Series 1: Oct 17 – Oct 21


Ryan McAdams


Rachel Barton Pine


FALLA El Amor Brujo: Ritual Fire Dance
BRUCH Violin Concerto #1 in G Minor
BEETHOVEN Symphony #4

Manuel de Falla –
Ritual Fire Dance
from the ballet Love, the Magician
Max Bruch –
Violin Concerto No.1 in G minor, Op.26
Prelude (Allegro moderato) –
Finale (Allegro energico)


Ludwig van Beethoven
Symphony No.4 in B flat major, Op.60
Adagio – Allegro vivace
Menuetto (Allegro vivace) – Trio (Un poco meno Allegro)
Rondo (Allegro)

To ward off evil spirits…

The strings play buzzing, shimmering trills – imagine the haze of a sultry night in Spain. The oboe sings an intricate, mournful song – a beautiful gypsy
girl is haunted by the ghost of her dead lover. He was wicked, jealous and dissolute; he made her very unhappy when he was alive and now he returns whenever she
is courted by someone new. But her latest lover has a plan to exorcise the jealous and malevolent spirit. A circle is drawn on the ground for a ritual fire dance
that will draw the ghost to temptation and the flames.

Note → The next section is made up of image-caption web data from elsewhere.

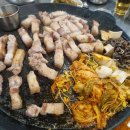 (주)대한구급센터 이미지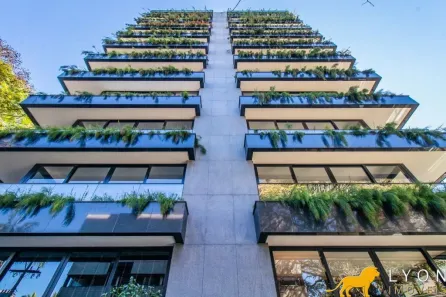 Apartamento com 3 Quartos à venda, 164m² no Auxiliadora, Porto Alegre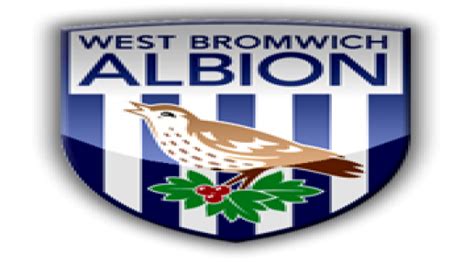 Buy West Broomstick Albion Tickets | Buy Premier League Ticket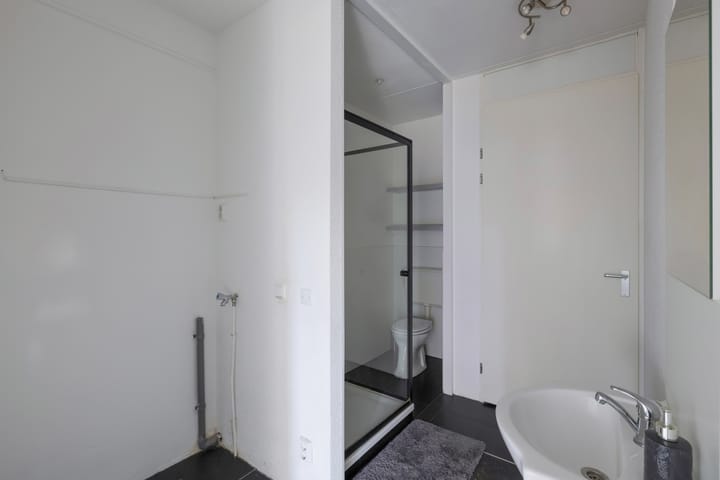 Foto 19 van Majastraat 2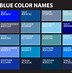 Image result for Gray Color Shades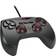 SpeedLink Strike NX Wired Gamepad (PC) - Black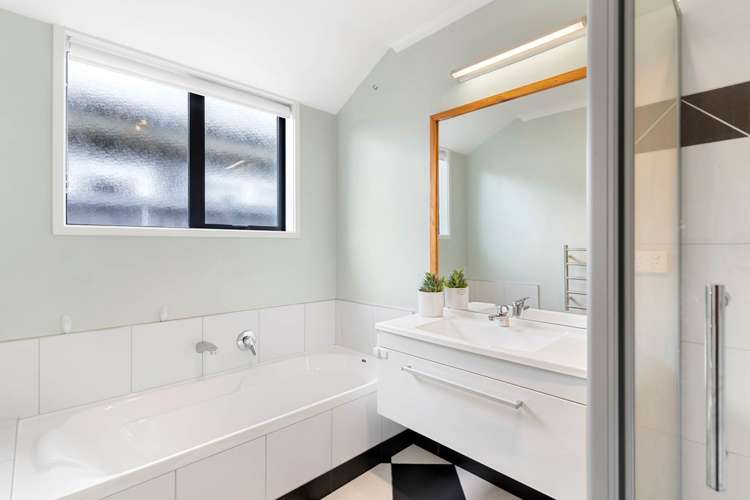 5 Drumkeen Place Rosehill_7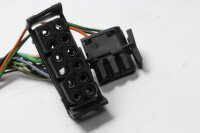 Interruptor del manillar derecho, luz de encendido del ABS, intermitentes BMW R 1150 GS R21 0415 99-04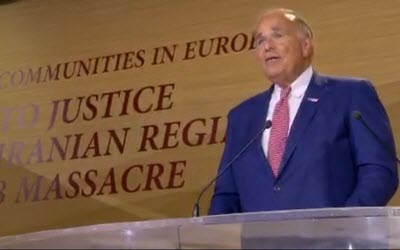 Ed-Rendell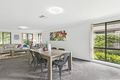 Property photo of 85 Cedar Cutters Crescent Cooranbong NSW 2265
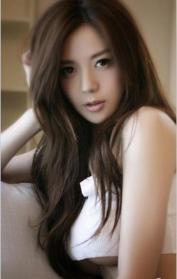 Real Picture Singapore Sara , Dubai Massage escort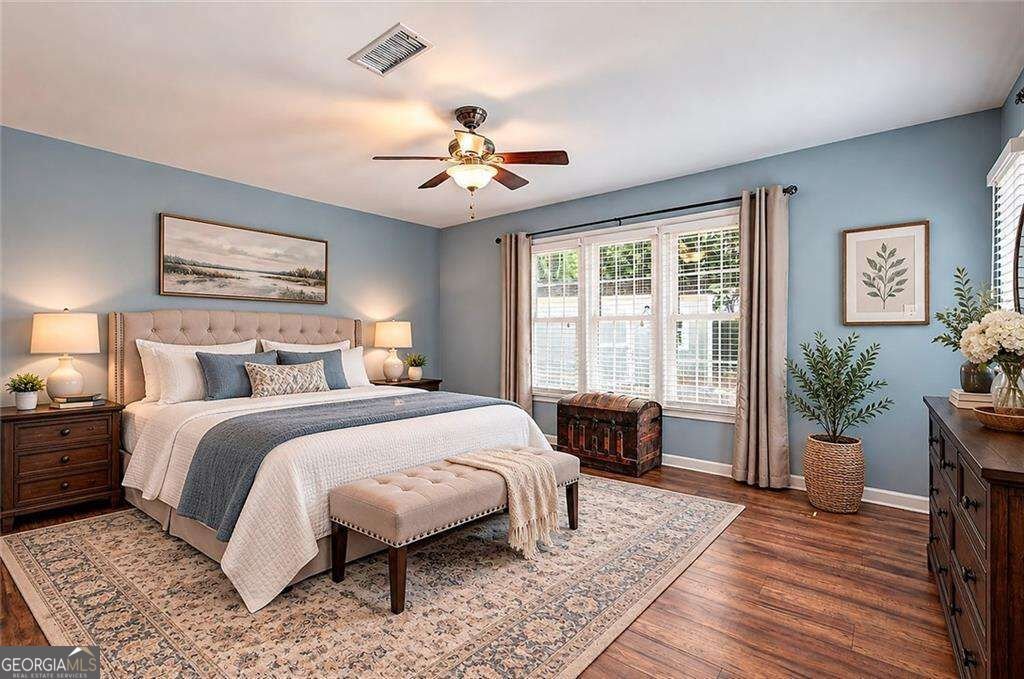 1203 Wynford Colony Marietta - Photo 34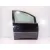 Puerta Delantera Derecha para Volkswagen Touran (1T3)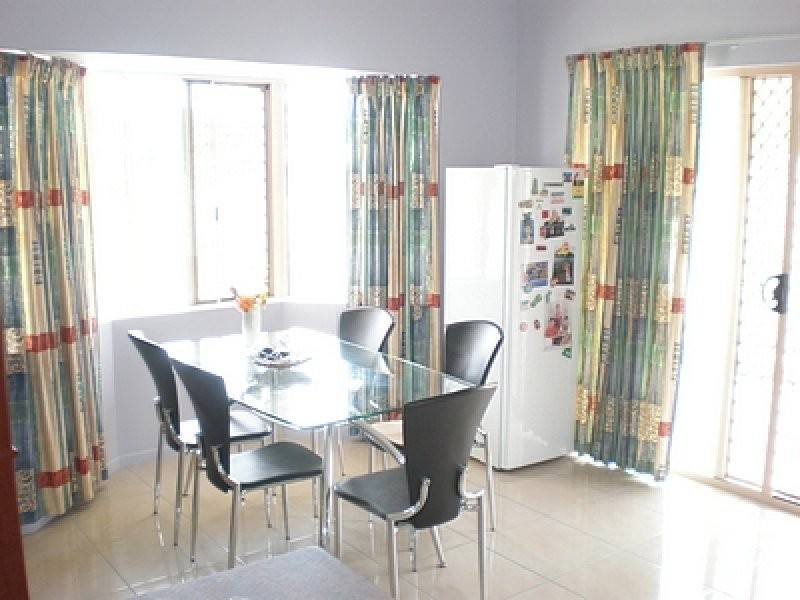 37 Alexander Drive, Moore Park Beach QLD 4670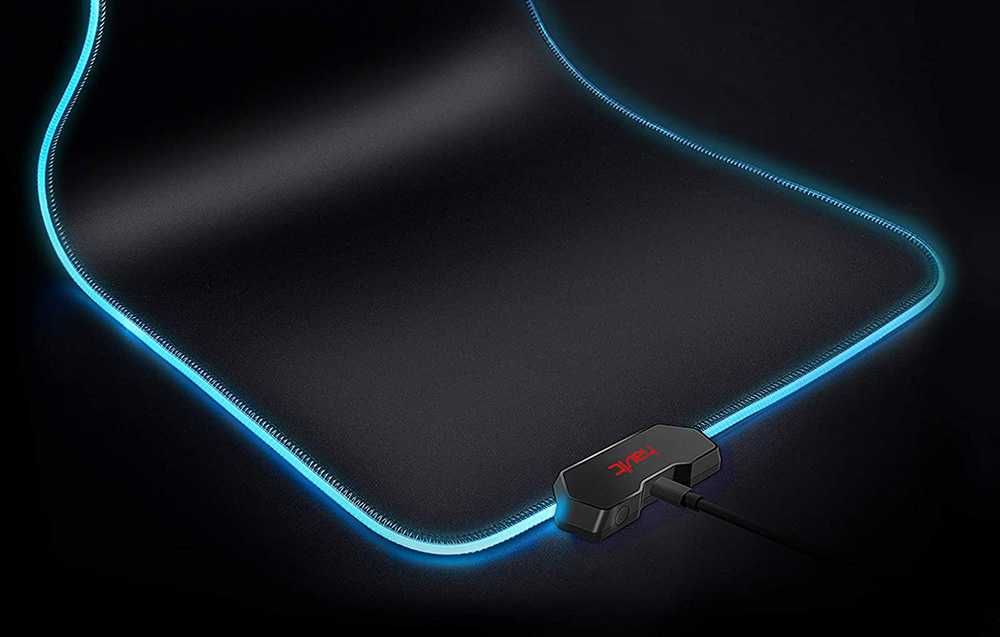 Havit MP903 Гейминг подложка за мишка RGB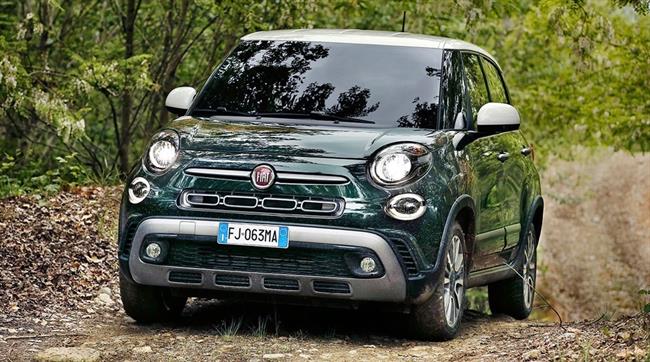 ep fiat 500l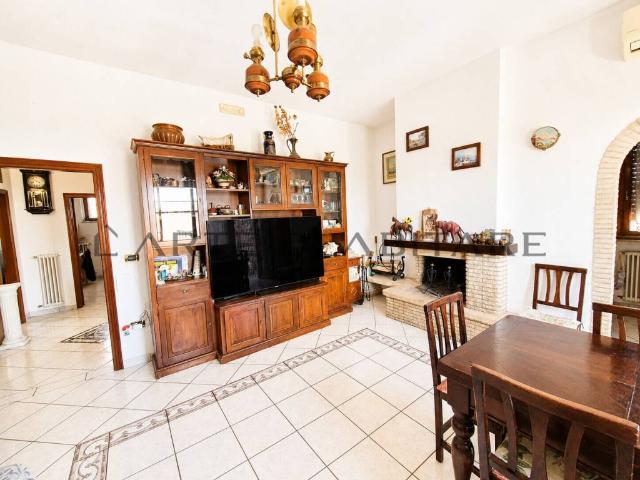 Villa in vendita a Bertinoro FC
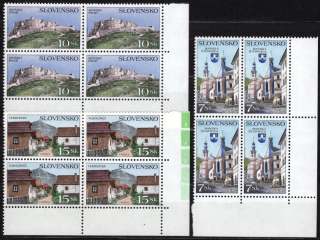 0071-0073 PD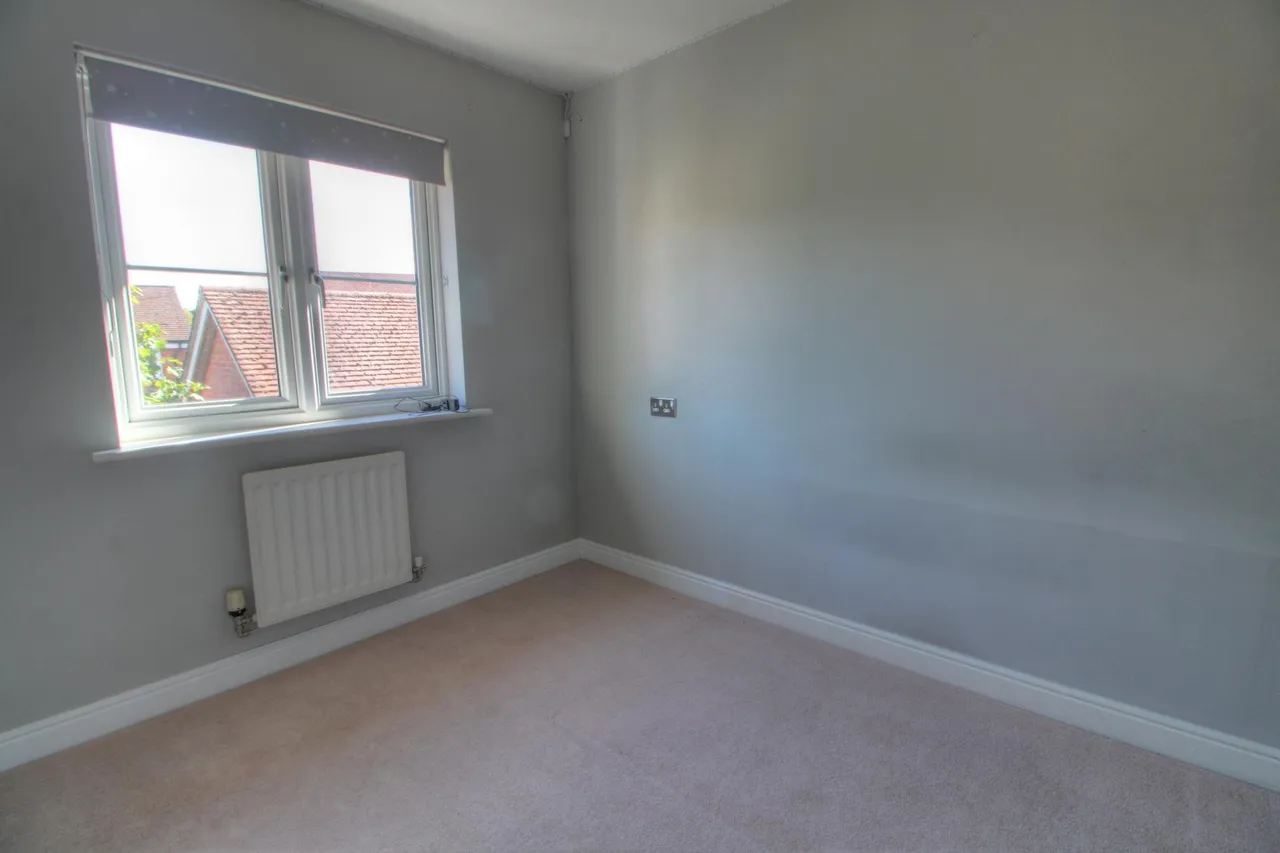 Pryor Close, Reading, RG31, photo 13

There is an atmosphere of tension, of seduction and relentless bravura. Without resorting to musical clichés, Falla’s captures the passionate gypsy spirit.
It’s no surprise that this tiny number – just a few minutes long – became Falla’s greatest, and most characteristic, hit.

Beginning a fabulous career…

Max Bruch wrote three violin concertos but the one that’s famous today – and which made its composer famous – is the first, his Violin Concerto in G minor.

The soloist for the premiere in 1868 was Joseph Joachim. Many years later he described it as ‘the richest, the most seductive’ of the four great German violin
concertos. And it still keeps company with the other three (Beethoven, Brahms and Mendelssohn), not to mention Tchaikovsky and Sibelius. At some point, every
violinist plays Bruch’s first concerto.

Joachim absolutely nailed the reasons for the concerto’s popularity: from the first entry of the soloist, it spins enticing and heartfelt melodic lines.
For Bruch, melody was ‘the soul of music’ and the violin was the best instrument for ‘singing.’ The concerto’s lyrical qualities are balanced by brilliance,
and the whole piece is satisfying to hear and rewarding to play. It’s greatly loved now, and was a near instant success when it was composed, soon enjoying what
Bruch called ‘a fabulous career.’ But the concerto’s success must have held an element of frustration: he’d sold the full rights to a publisher for just 250 thalers.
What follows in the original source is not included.